A statistical perspective on transformers for small longitudinal cohort data

Kiana Farhadyar,Maren Hackenberg,Kira Ahrens,Charlotte Schenk,Bianca Kollmann,Oliver Tüscher,Klaus Lieb,Michael M. Plichta,Andreas Reif,Raffael Kalisch,Martin Wolkewitz,Moritz Hess,Harald Binder

Modeling of longitudinal cohort data typically involves complex temporal dependencies between multiple variables. There, the transformer architecture, which has been highly successful in language and vision applications, allows us to account for the fact that the most recently observed time points in an individual's history may not always be the most important for the immediate future. This is achieved by assigning attention weights to observations of an individual based on a transformation of their values. One reason why these ideas have not yet been fully leveraged for longitudinal cohort data is that typically, large datasets are required. Therefore, we present a simplified transformer architecture that retains the core attention mechanism while reducing the number of parameters to be estimated, to be more suitable for small datasets with few time points. Guided by a statistical perspective on transformers, we use an autoregressive model as a starting point and incorporate attention as a kernel-based operation with temporal decay, where aggregation of multiple transformer heads, i.e. different candidate weighting schemes, is expressed as accumulating evidence on different types of underlying characteristics of individuals. This also enables a permutation-based statistical testing procedure for identifying contextual patterns. In a simulation study, the approach is shown to recover contextual dependencies even with a small number of individuals and time points. In an application to data from a resilience study, we identify temporal patterns in the dynamics of stress and mental health. This indicates that properly adapted transformers can not only achieve competitive predictive performance, but also uncover complex context dependencies in small data settings.
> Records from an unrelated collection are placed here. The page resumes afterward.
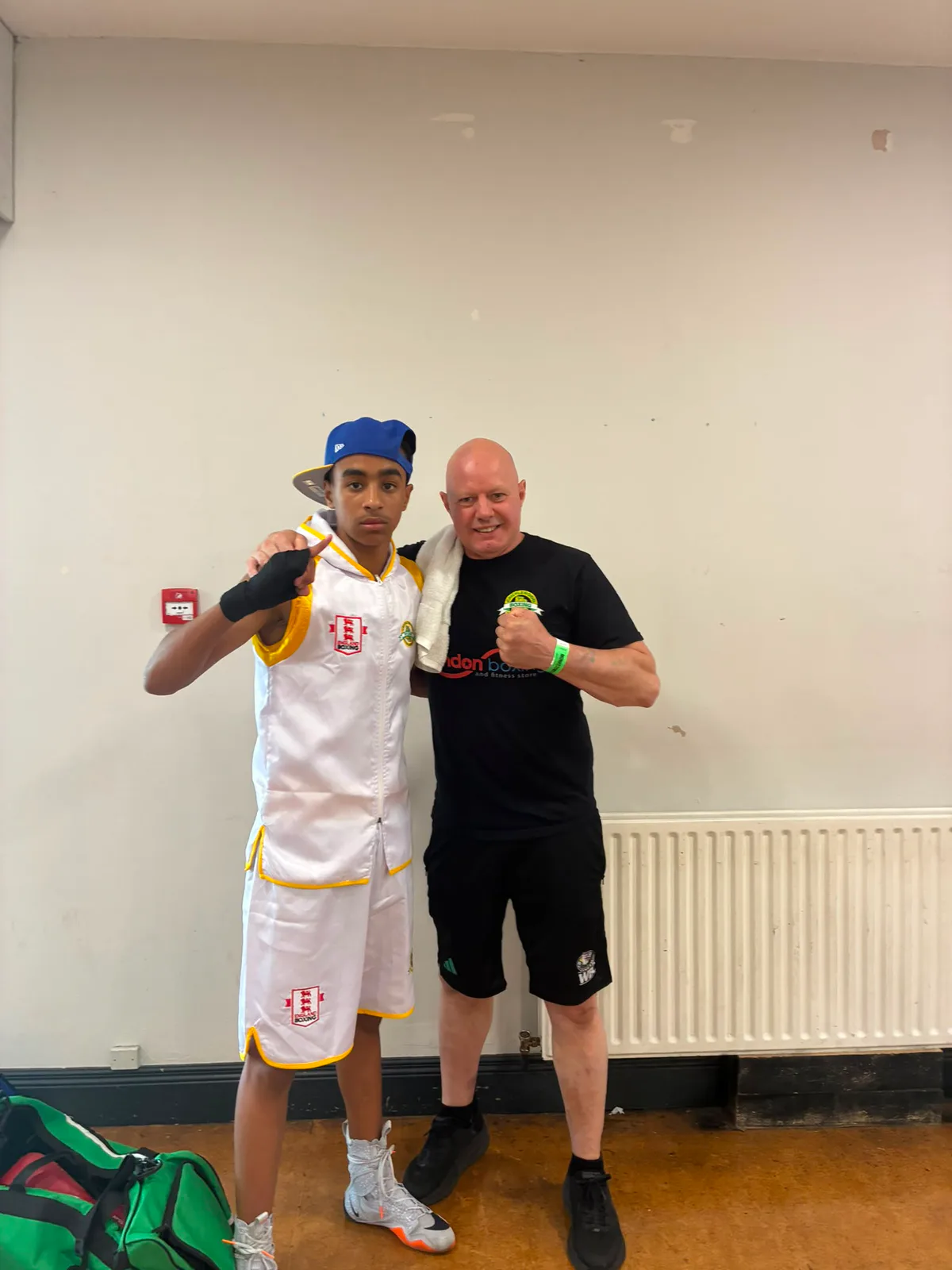 A young boxer in Cricklewood colours with his coach before a bout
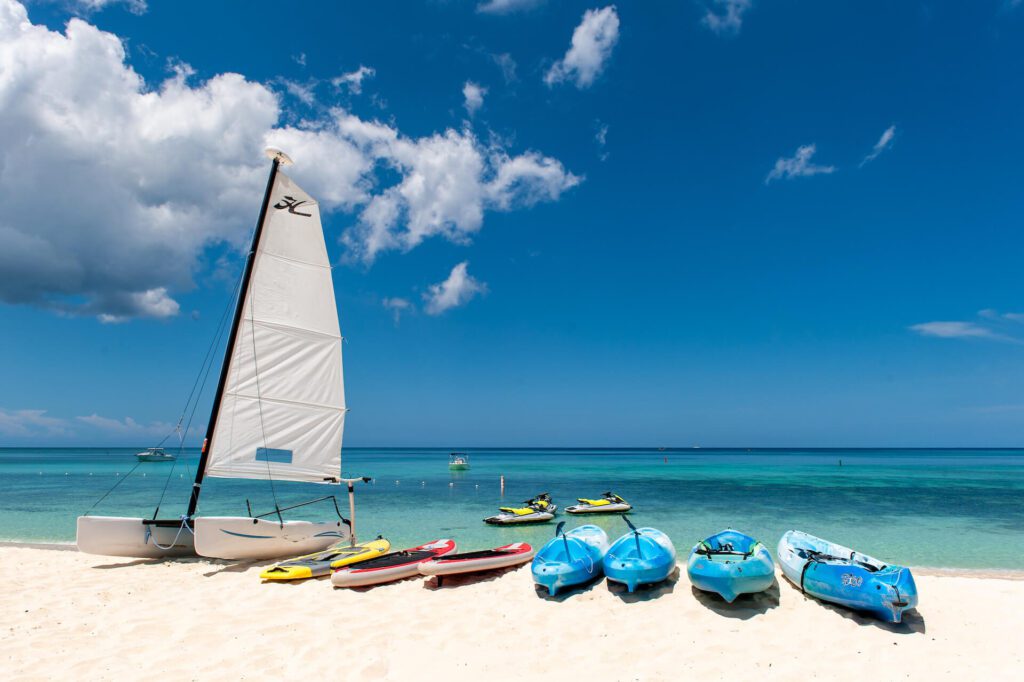 A row of kayaks, sailboat, and kayaks on the beach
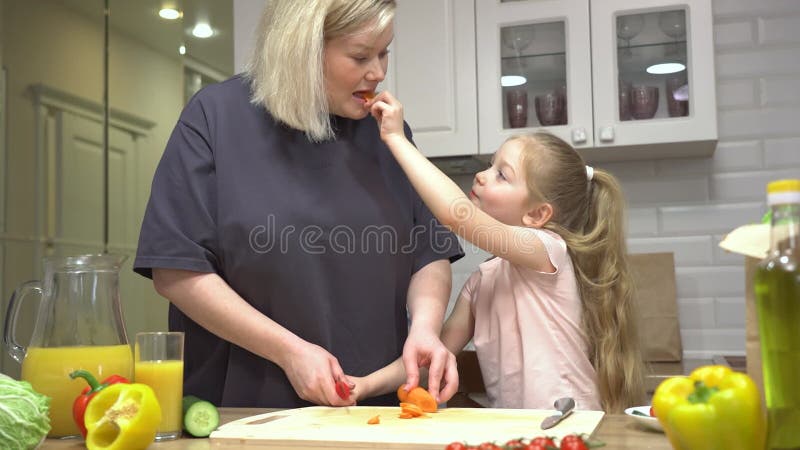 Mor och dotter förbereder glatt sallad i ett mysigt kök stock video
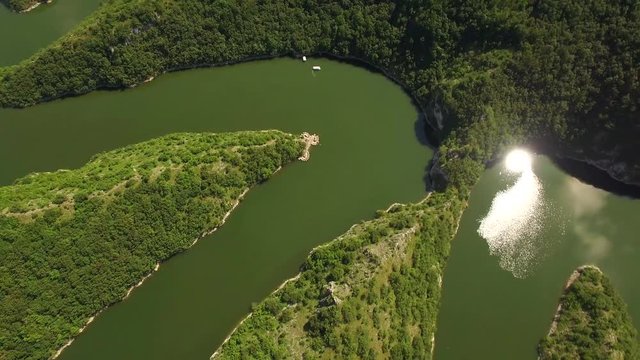 Aerial: camera tilt down pointing at heart of Uvac lake meandre, Serbia.
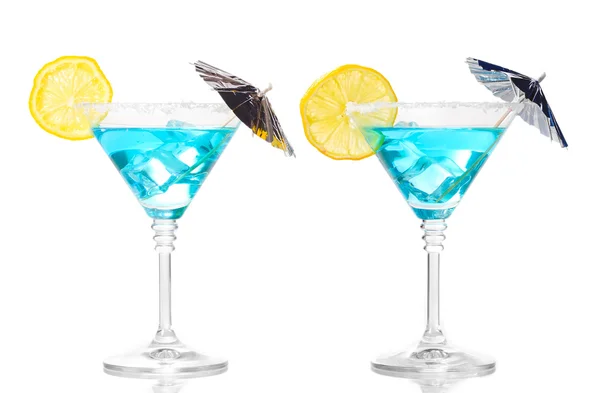 Blue cocktail in martini glasses isolated on white — Stock Photo, Image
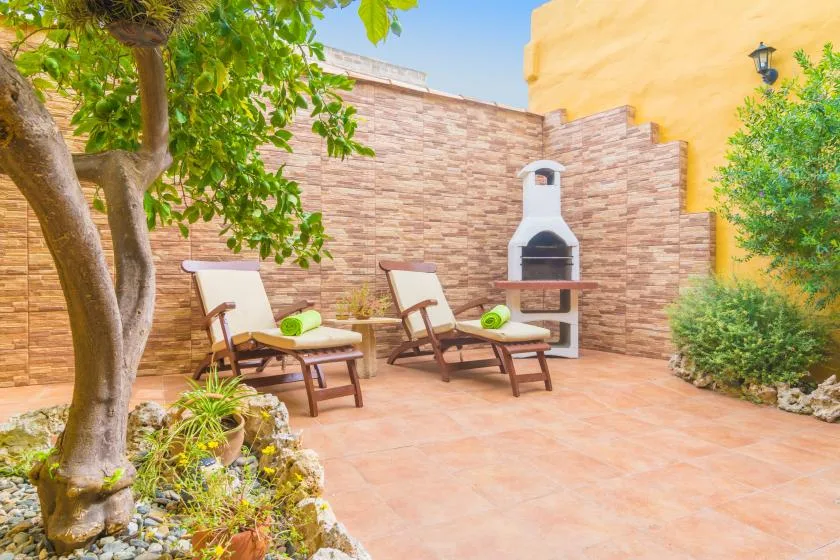 An outdoor patio with reclining seating and a built-in barbecue.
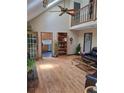 Open living room boasts soaring ceilings, hardwood floors, and an open view of the upper level at 1131 Steeple Run, Lawrenceville, GA 30043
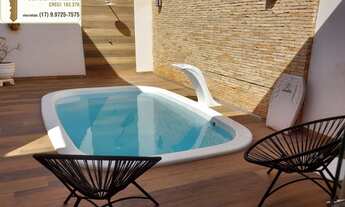 Imagem 3: Casa á venda com 3 dormitórios, cozinha gourmet com churrasqueira e piscina no bairro Jard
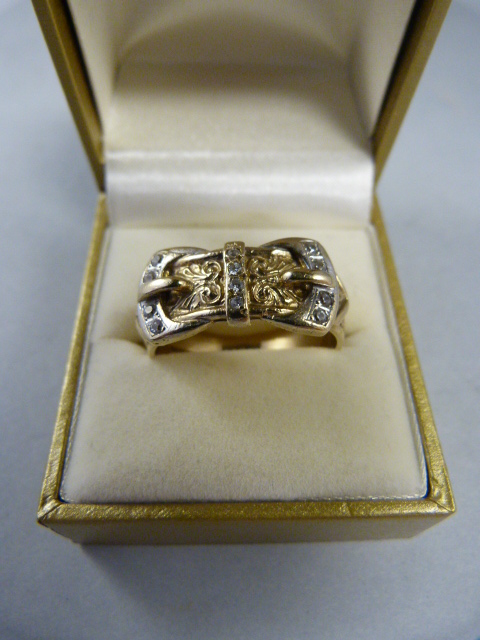 9ct gold gents double buckle ring set with 12 small white stones (possibly white sapphires) 10.4 gms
翻译：纵向队列数据建模通常涉及多个变量间复杂的时序依赖关系。Transformer架构在语言和视觉应用中已取得巨大成功，该架构使我们能够考虑到个体历史中最近观测的时间点未必总是对近期未来最重要这一事实。这是通过基于个体观测值的变换为其分配注意力权重实现的。这些思想尚未在纵向队列数据中得到充分利用的原因之一在于通常需要大规模数据集。因此，我们提出一种简化的Transformer架构，在保留核心注意力机制的同时减少待估计参数数量，使其更适用于时间点较少的小规模数据集。基于对Transformer的统计视角，我们以自回归模型为起点，将注意力机制作为具有时间衰减特性的基于核函数的操作进行整合，其中多个Transformer头（即不同的候选加权方案）的聚合被表述为对个体不同类型潜在特征的证据累积过程。这同时启用了基于置换的统计检验程序以识别上下文模式。在模拟研究中，该方法被证明即使在个体数量和时间点较少的情况下仍能恢复上下文依赖关系。在应用于韧性研究数据时，我们识别了压力与心理健康动态变化中的时序模式。这表明经过适当调整的Transformer不仅能够实现具有竞争力的预测性能，还能在小数据场景下揭示复杂的上下文依赖关系。